→ **Work instructions**:
Give again, word for word, the lines below that run from the line with "Woman Legs And" through the line with "APPARTEMENT 4 PIÈCES AVEC BALCON ET GARAGE". Drop the pictures.

→ **Source data**:

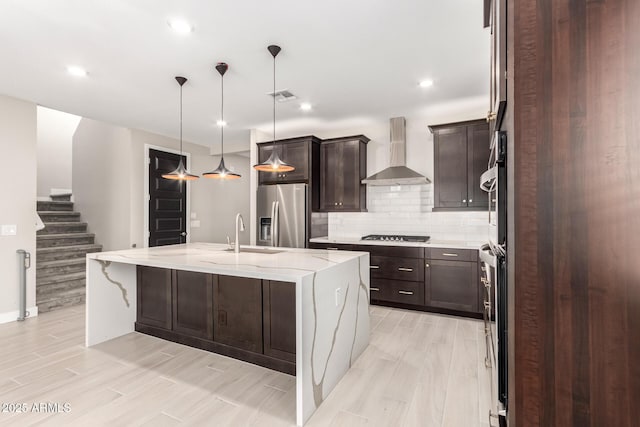 kitchen featuring an island with sink, sink, hanging light fixtures, stainless steel refrigerator with ice dispenser, and wall chimney range hood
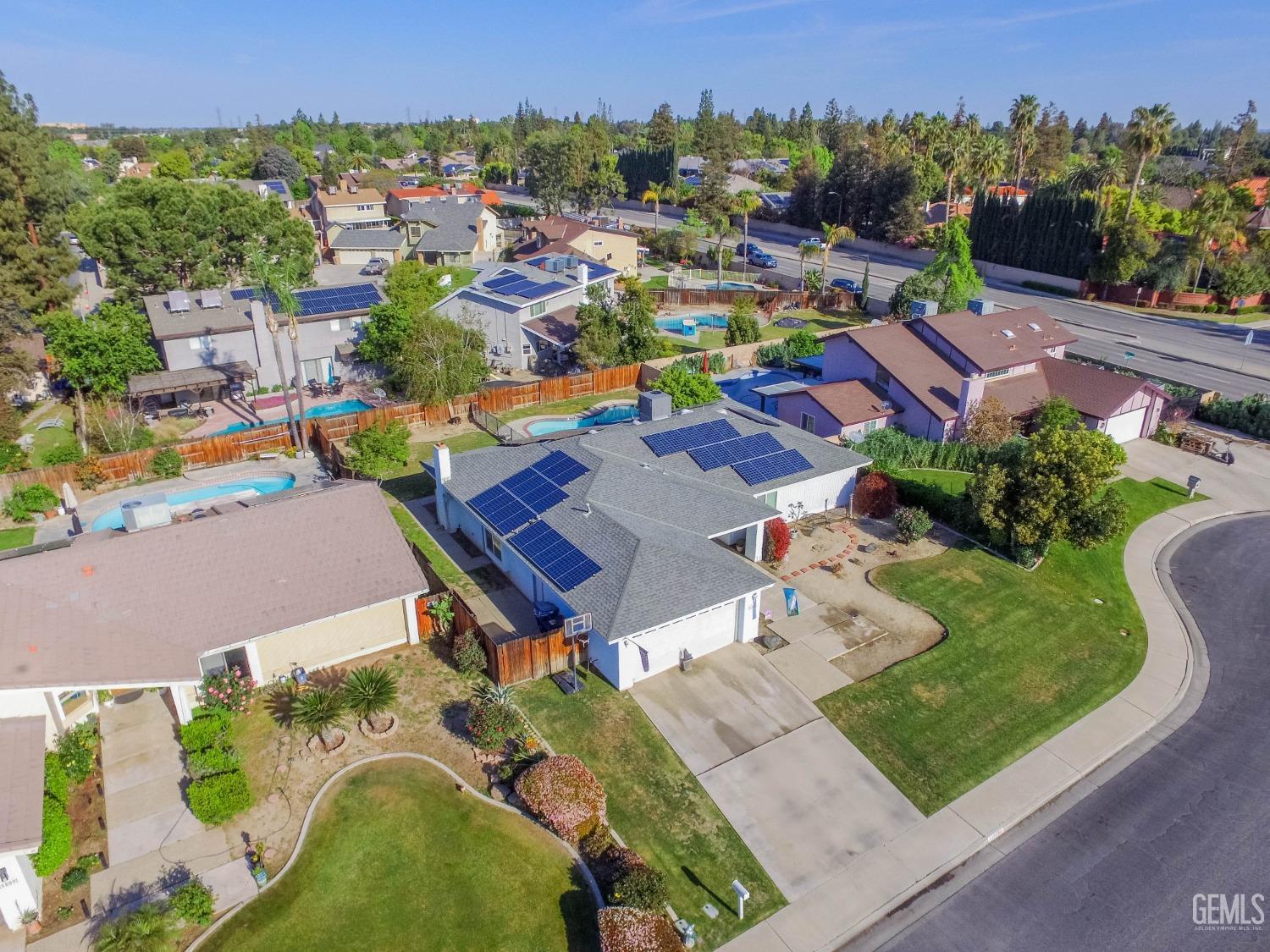 Undisclosed Address Bakersfield, CA 93309 - Photo 42 of 46 an aerial view of a swimming pool patio and mountain view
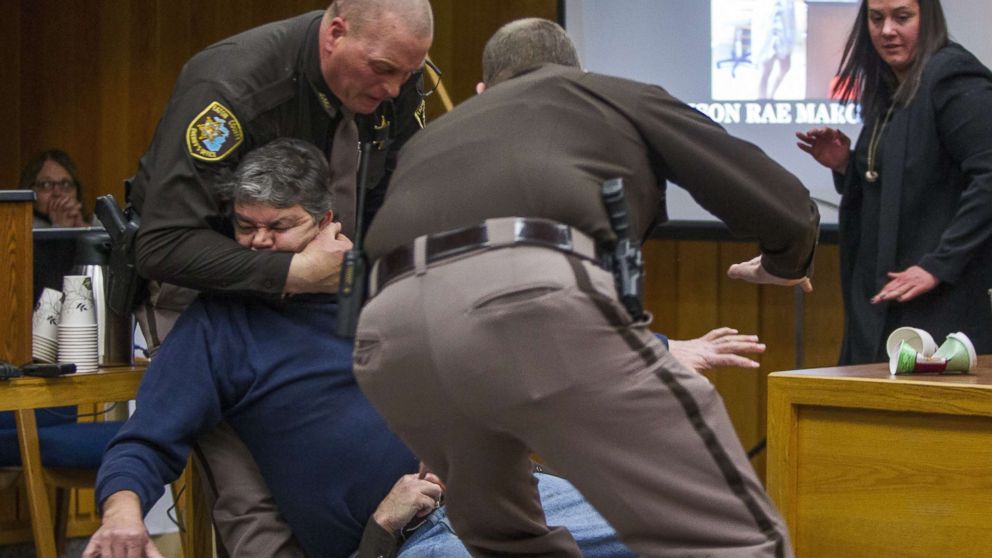 PHOTO: Eaton County Sheriff's deputies restrain Randall Margraves, father of three victims of Larry Nassar, Feb. 2, 2018, in Eaton County Circuit Court in Charlotte, Mich.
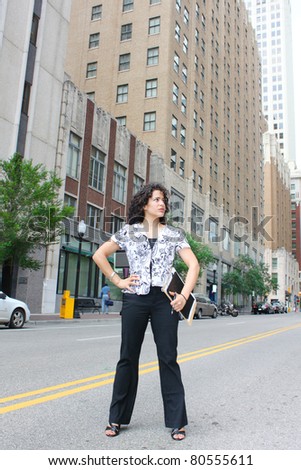 Powerful businesswoman on a street of a city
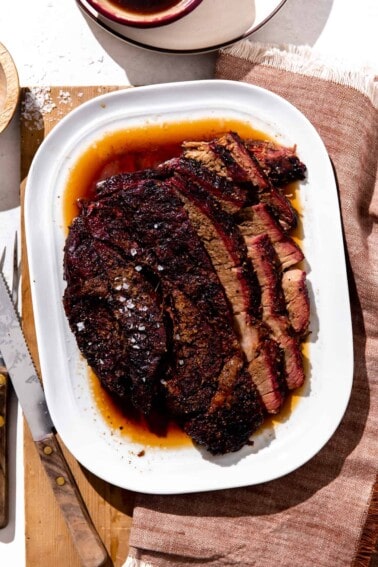 Platter of smoked chuck roast sliced and served with juices.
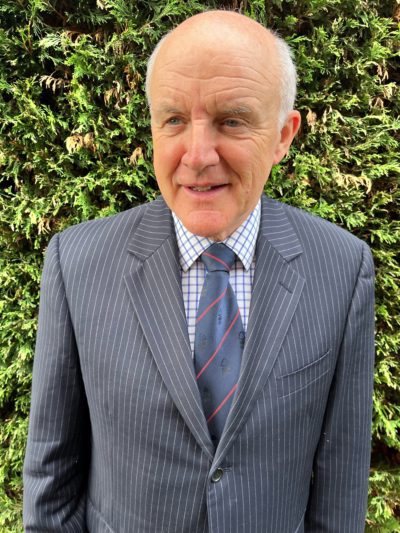 John Robinson in a suit in front of a hedge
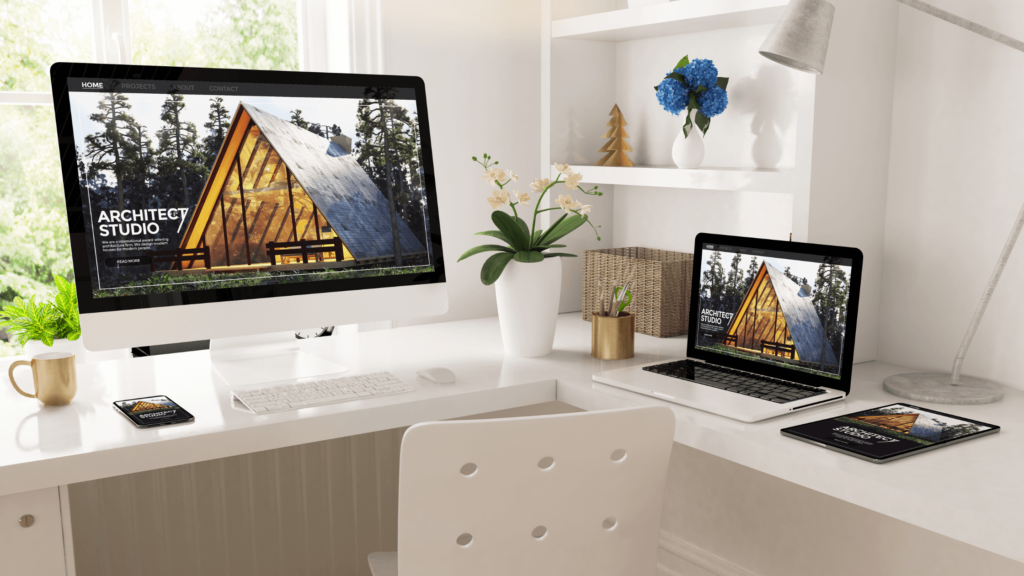 A computer, laptop, and tablet arranged neatly on a desk, showcasing CMS web design & development services.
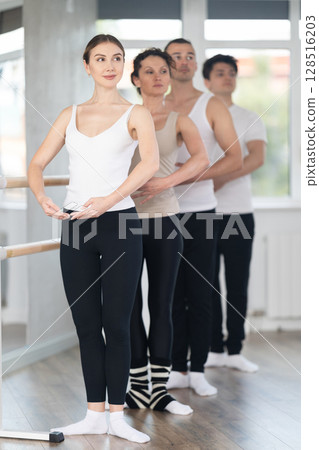Amateur ballerina mastering first position at barre in ballet studio Amateur ballerina mastering first position at barre in ballet studio 128516203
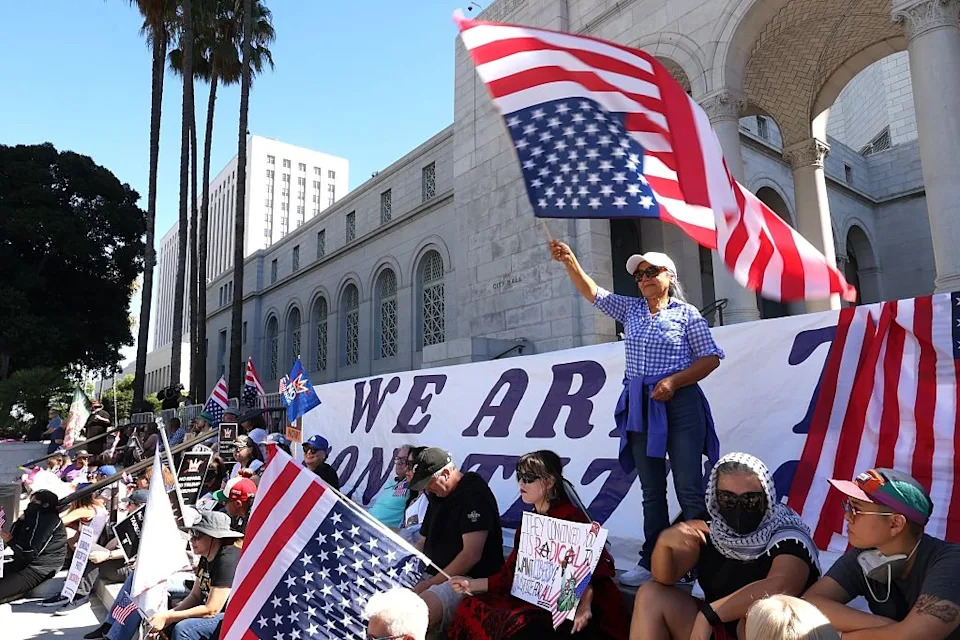 People gathered outside a building, holding American flags, with a large banner in the background. A person waves a flag, with others seated nearby
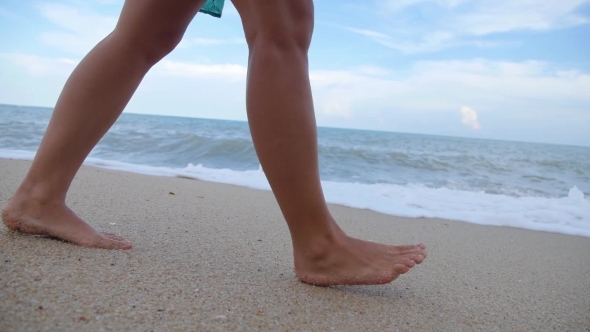 Woman Legs And Feet Walking On Beach In Sea Foam 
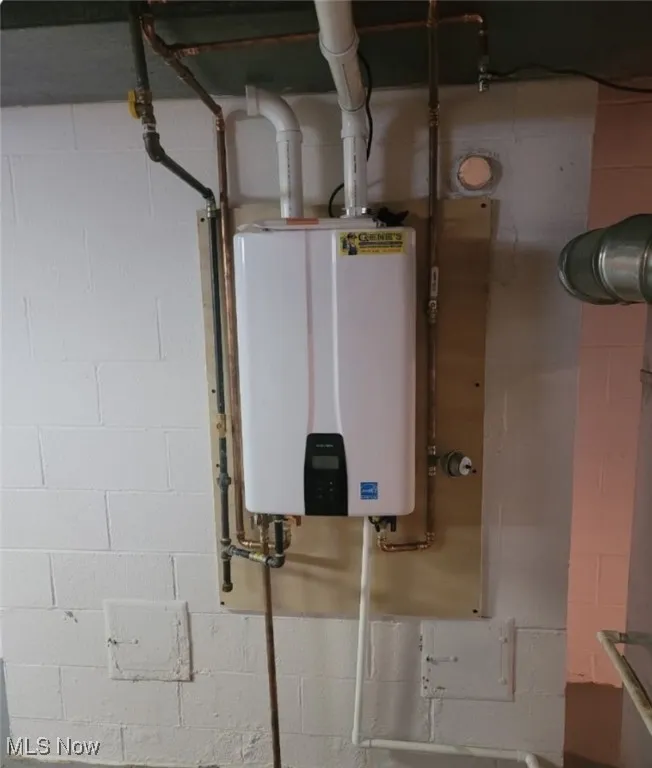 Utility room with tankless water heater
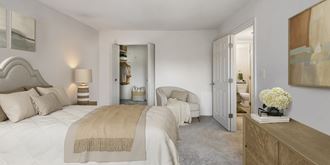 a bedroom with a bed and a closet and a bathroom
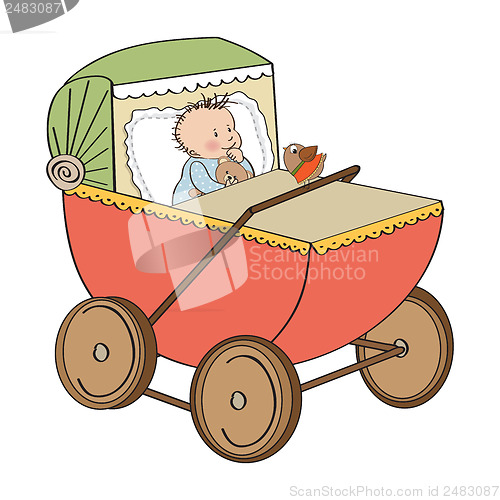 Image of baby boy in retro stroller isolated on white background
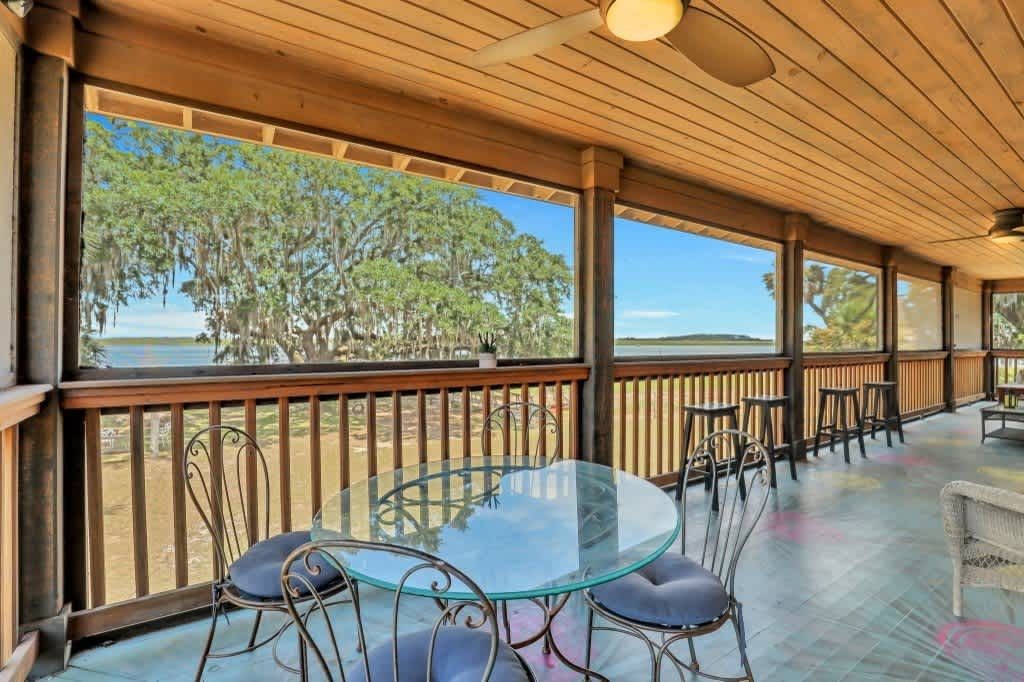 A dining room with a table and chairs and a sign that says beach.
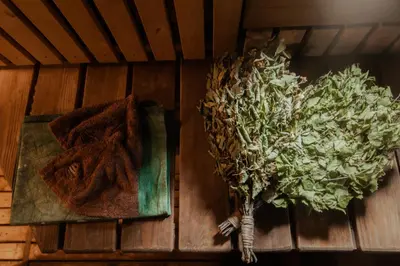a wooden table with a towel and a plant on it at Pirtelė dviem in Kulionys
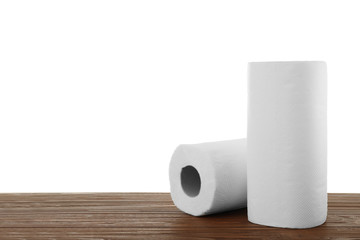 Rolls of paper towels on wooden table against white background, space for text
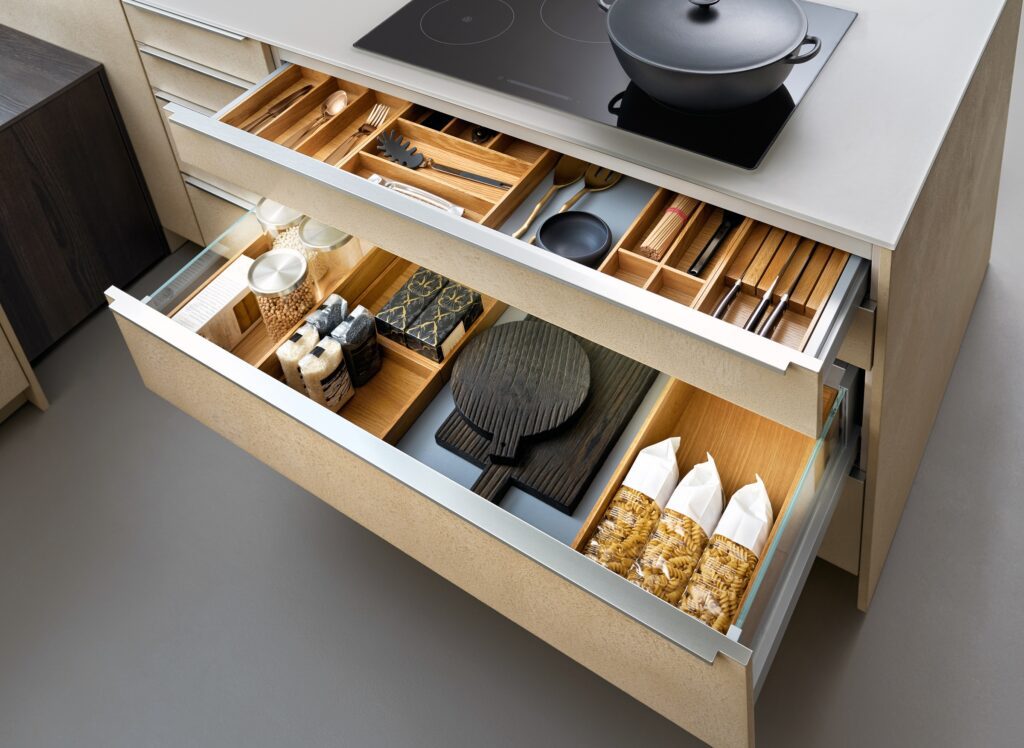 Modern kitchen, Open drawers, Set of cutlery trays in kitchen dr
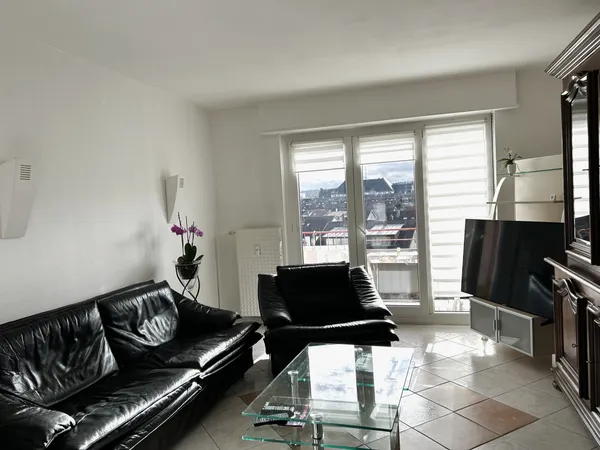 APPARTEMENT 4 PIÈCES AVEC BALCON ET GARAGE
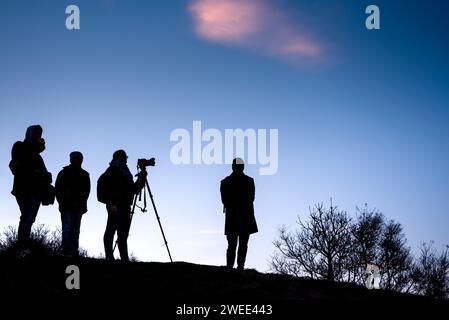 Silhouette d'un groupe de personnes regardant le coucher du soleil sur une colline Banque D'Images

→ **Response area**:
 Woman Legs And Feet Walking On Beach In Sea Foam 
 Utility room with tankless water heater
 a bedroom with a bed and a closet and a bathroom
 Image of baby boy in retro stroller isolated on white background
 A dining room with a table and chairs and a sign that says beach.
a wooden table with a towel and a plant on it at Pirtelė dviem in Kulionys
 Rolls of paper towels on wooden table against white background, space for text
 Modern kitchen, Open drawers, Set of cutlery trays in kitchen dr
 APPARTEMENT 4 PIÈCES AVEC BALCON ET GARAGE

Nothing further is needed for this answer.